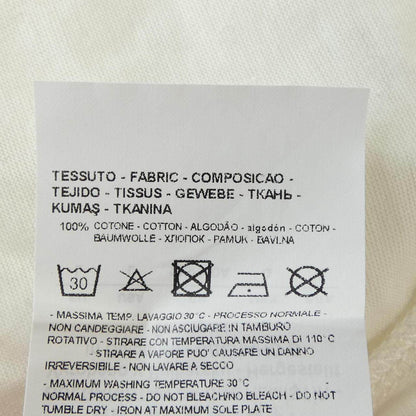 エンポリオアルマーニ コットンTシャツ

...

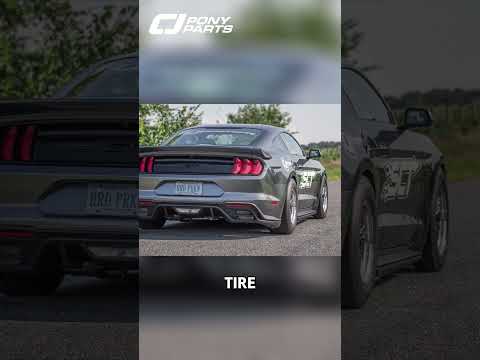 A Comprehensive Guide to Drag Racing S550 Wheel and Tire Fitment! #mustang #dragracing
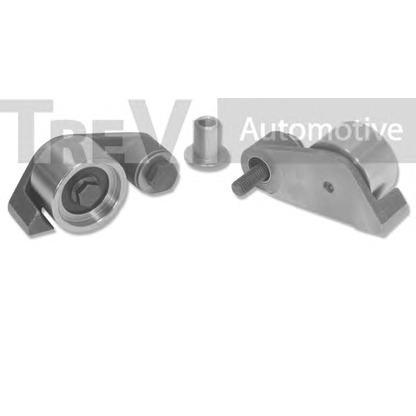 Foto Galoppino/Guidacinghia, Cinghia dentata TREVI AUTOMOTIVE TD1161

» Problem description
Work from the entries above. Set down exactly and only the lines from the line with "A Comprehensive Guide" to the line with "Foto Galoppino/Guidacinghia, Cinghia", both included, and leave the pictures out.

» Solution to this problem
 A Comprehensive Guide to Drag Racing S550 Wheel and Tire Fitment! #mustang #dragracing
 Foto Galoppino/Guidacinghia, Cinghia dentata TREVI AUTOMOTIVE TD1161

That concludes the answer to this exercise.